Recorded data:
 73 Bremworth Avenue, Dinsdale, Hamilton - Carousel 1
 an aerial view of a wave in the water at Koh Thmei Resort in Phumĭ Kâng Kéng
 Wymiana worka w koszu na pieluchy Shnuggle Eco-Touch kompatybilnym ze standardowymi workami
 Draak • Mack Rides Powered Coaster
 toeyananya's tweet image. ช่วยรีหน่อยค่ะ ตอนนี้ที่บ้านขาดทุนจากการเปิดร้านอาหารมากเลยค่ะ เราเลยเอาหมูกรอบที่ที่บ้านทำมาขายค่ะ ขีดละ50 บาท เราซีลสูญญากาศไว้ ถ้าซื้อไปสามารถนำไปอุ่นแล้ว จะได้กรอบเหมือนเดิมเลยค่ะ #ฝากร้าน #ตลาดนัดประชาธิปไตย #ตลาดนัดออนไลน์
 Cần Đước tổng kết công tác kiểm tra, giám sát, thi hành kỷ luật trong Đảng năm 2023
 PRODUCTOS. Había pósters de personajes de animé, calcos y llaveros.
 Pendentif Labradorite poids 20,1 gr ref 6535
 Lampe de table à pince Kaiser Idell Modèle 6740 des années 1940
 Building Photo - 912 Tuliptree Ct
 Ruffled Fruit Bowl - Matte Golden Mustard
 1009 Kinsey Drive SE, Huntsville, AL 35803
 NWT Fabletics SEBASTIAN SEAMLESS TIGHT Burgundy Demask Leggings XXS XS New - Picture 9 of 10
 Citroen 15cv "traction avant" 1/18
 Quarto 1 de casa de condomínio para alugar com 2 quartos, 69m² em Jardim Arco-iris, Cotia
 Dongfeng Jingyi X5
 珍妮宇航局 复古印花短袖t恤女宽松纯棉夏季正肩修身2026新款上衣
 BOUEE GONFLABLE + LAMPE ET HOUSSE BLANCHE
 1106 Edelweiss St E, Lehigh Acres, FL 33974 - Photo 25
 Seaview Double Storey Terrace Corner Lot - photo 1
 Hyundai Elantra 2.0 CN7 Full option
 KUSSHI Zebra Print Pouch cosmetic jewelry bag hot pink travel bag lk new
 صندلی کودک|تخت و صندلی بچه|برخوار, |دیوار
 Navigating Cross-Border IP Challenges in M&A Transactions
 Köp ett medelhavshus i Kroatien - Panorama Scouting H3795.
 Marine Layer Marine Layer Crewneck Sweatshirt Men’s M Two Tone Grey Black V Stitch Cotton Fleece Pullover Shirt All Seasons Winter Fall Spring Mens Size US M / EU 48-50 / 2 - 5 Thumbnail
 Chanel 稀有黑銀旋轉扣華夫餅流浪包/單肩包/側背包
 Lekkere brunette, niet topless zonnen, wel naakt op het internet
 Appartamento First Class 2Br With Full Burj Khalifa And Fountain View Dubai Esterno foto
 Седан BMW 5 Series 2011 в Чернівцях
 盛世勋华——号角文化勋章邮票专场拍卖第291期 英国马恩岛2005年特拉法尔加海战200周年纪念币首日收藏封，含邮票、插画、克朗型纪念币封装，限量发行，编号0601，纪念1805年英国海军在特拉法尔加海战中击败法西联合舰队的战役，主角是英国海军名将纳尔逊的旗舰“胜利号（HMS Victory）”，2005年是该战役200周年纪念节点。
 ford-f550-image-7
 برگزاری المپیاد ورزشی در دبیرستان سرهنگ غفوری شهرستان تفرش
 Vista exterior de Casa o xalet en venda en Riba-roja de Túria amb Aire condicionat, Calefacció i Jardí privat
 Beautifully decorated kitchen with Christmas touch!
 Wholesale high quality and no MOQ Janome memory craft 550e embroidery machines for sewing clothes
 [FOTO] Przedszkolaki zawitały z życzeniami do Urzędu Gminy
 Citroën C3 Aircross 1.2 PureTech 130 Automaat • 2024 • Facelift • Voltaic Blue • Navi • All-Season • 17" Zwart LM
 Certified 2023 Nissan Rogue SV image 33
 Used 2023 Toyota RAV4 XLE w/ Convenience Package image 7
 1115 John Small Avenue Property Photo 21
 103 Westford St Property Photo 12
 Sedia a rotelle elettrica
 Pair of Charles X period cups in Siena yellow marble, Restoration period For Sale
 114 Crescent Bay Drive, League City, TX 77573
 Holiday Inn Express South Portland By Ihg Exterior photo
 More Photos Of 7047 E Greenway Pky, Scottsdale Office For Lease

▶ Brief: Please write out, exactly as they appear, the line that contains "[FOTO] Przedszkolaki zawitały" and every line after it up to the end of the entries above, and no others.

▶ Output of the task:
 [FOTO] Przedszkolaki zawitały z życzeniami do Urzędu Gminy
 Citroën C3 Aircross 1.2 PureTech 130 Automaat • 2024 • Facelift • Voltaic Blue • Navi • All-Season • 17" Zwart LM
 Certified 2023 Nissan Rogue SV image 33
 Used 2023 Toyota RAV4 XLE w/ Convenience Package image 7
 1115 John Small Avenue Property Photo 21
 103 Westford St Property Photo 12
 Sedia a rotelle elettrica
 Pair of Charles X period cups in Siena yellow marble, Restoration period For Sale
 114 Crescent Bay Drive, League City, TX 77573
 Holiday Inn Express South Portland By Ihg Exterior photo
 More Photos Of 7047 E Greenway Pky, Scottsdale Office For Lease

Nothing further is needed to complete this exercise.